From the trail coming in, the spiral jetty is deceptively small; Farrah stayed on the hill at the overlook with her camera and reported my near-disappearance as I threaded my way along the flats on the strand. From a distance, it might be the whorl of a fingerprint, an artist marking his canvas, leaving the mark on the scene of the crime.

The fancy glass plates my parents had when I was growing up had a ridged spiral on the underside, an opaque swirl of glass winding towards the center. Hairline cracks in these plates must be virtually invisible which is why, a few years ago, my mom scrubbed at one in the sink after dinner one day and put here finger right through, cutting deep into the flesh and partly severing the nerve. For many months she had a button sewn to the tip, stretching the nerve back out from where it had sprung itself back down into her finger; even now long after the button was taken off and the nerve repaired there is a odd buzzing when she touches a certain patch of skin just right just wrong.

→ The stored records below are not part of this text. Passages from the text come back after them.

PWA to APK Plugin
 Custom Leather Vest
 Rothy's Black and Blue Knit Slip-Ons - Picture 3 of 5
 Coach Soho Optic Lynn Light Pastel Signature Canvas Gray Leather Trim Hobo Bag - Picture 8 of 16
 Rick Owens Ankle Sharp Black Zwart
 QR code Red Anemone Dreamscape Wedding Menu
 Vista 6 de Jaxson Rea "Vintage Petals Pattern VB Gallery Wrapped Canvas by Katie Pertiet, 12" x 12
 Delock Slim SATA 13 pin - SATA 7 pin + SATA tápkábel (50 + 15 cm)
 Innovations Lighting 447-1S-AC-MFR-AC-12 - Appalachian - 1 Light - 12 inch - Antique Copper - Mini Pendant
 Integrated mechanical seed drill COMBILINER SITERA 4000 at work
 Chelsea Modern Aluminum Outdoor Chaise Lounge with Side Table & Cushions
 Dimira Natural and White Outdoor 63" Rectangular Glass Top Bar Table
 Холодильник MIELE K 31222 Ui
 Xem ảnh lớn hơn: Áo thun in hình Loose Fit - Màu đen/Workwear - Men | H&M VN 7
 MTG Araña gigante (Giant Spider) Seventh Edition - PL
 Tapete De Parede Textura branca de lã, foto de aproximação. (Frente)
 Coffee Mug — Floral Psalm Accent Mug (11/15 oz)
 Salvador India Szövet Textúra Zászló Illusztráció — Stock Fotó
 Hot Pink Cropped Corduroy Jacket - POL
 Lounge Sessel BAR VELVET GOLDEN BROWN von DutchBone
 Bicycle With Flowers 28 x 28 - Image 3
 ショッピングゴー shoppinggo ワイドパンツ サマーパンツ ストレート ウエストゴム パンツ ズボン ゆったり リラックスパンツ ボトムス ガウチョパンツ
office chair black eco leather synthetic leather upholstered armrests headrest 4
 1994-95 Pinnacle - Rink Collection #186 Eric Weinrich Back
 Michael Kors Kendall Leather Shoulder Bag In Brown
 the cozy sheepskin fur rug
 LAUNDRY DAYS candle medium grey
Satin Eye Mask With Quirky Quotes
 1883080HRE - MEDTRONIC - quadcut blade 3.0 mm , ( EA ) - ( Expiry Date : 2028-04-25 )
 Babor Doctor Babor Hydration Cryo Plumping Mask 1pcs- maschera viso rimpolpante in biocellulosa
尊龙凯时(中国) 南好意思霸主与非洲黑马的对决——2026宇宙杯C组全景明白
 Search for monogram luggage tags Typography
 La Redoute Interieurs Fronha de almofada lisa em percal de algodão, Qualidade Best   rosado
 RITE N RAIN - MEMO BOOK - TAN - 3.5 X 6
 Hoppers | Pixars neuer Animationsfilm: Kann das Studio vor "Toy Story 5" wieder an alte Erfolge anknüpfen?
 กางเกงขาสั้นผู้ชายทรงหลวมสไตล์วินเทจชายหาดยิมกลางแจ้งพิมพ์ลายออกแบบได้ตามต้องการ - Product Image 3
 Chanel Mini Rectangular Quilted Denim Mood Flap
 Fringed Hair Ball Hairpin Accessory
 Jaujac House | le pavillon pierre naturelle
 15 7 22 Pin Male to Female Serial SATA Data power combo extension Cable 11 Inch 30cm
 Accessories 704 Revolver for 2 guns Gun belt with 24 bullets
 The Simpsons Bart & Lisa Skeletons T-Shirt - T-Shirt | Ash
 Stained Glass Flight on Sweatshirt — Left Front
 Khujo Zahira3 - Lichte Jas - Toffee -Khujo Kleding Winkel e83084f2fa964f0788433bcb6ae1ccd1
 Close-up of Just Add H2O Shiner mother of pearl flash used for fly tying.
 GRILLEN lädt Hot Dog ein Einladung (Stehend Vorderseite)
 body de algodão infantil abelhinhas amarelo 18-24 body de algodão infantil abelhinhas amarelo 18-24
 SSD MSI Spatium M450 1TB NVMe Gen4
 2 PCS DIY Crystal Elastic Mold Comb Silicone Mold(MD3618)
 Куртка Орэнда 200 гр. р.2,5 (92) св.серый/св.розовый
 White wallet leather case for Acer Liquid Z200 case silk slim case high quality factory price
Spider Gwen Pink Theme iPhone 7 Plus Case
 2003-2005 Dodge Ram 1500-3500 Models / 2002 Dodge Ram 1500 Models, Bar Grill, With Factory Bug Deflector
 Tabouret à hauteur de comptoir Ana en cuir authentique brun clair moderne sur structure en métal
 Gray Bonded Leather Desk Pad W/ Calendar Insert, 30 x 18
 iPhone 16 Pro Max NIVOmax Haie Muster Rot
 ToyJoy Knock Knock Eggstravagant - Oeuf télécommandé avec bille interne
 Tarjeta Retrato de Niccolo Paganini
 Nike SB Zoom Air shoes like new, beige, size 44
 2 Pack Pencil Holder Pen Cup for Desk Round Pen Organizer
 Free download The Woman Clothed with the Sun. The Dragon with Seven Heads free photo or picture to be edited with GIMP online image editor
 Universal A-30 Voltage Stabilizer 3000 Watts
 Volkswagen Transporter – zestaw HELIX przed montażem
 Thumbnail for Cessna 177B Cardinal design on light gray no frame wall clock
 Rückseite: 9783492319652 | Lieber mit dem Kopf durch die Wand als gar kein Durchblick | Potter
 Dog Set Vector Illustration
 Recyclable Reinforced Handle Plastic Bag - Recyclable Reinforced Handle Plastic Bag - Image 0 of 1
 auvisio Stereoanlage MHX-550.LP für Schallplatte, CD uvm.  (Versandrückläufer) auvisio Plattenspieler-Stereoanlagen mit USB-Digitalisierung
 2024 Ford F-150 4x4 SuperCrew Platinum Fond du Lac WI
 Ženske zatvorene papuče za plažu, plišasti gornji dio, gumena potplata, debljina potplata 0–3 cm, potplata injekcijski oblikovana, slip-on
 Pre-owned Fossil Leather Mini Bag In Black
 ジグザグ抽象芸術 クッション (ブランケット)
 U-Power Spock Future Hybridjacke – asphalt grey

On my fourth finger of my right hand I have a strange, subtle dimple that runs across the tip and then bifurcates into a teensy scar where the finger was smashed between two bowling balls at a third or fourth grade birthday party and then put back together miraculously. My piano teacher deftly negotiated the plaster cast on my arm as it was healing by teaching me the complicated left hand part of a melancholy Bach partita where all the important melodic action was in that hand, bouncing over the other.

I have never been fingerprinted but it surely would show up as a distinguishing characteristic; really, I am simply lucky that it healed, that it could have been put back together. Smithson might have labelled the pile of broken glass on the museum floor Atlantis to declare the glass irretrievably broken and the irretrievably broken glass beautiful. The spiral jetty is not really a jetty in the sense of a breakwater or a dock, though when I was researching the possibility of swimming in Salt Lake, I read a posting from someone who insisted that they had taken a wonderful dip in the water off the tip of the spiral. Whatever you do, articles I read admonished, do not get the salt water in your eyes - it is seven times as salty as the ocean and will burn terribly. One might want to rub it out with ones fingers but they too will be so salty as to only make it worse. The thing to do if you do is to suck the salt off your own fingers before you try to rub it out.

Now we are back up against the Rockies but thousands of miles away from the Spiral Jetty, days later, heading the other direction across North America and finally I have a free night in Salmon Arm, BC, to write all this down. As I was getting ready for bed earlier tonight, I slipped on the strangely canted Holiday Inn Express shower floor and gave myself a bruise on my back and my elbow but, very luckily, I broke nothing and am basically unharmed. Earlier, yesterday, Farrah called me a klutz when I leaned in to kiss her on the back of the neck in the morning and accidentally bonked our heads together. (Klutz comes from a Yiddish word meaning "wooden block, lump," which is to say, unbreakable.) I do this sort of thing a lot but I suspect everyone does. My grandfather, before I was born, heard a noise downstairs when he was in the shower and slipped in his rush to get out and fell straight through the glass shower door.

Someone told us that they heard that the spiral jetty had been recently worked on by some people perhaps from the Dia foundation or some other interested party, stones added to recuperate the years that surely must be wearing away at the jetty even in the still edge of the lake. When I visited the wild horses ("zap") of Assateague and Chincoteague Island off Virginia a few years ago, I read how a channel dug through further north, near the Delaware-Maryland border, was slowly eating away the the sandbar and would eventually threaten to erode Chincoteague itself, sending the salt out to sea. Repairing the spiral jetty seems both wonderful -- if it weren't still there, I could never have visited it -- and also somewhat Sisyphean. The salt seems endless and timeless but the wind comes in across the water. And then there is that possibility of real industry coming into the bay of the lake nearby, drilling for oil.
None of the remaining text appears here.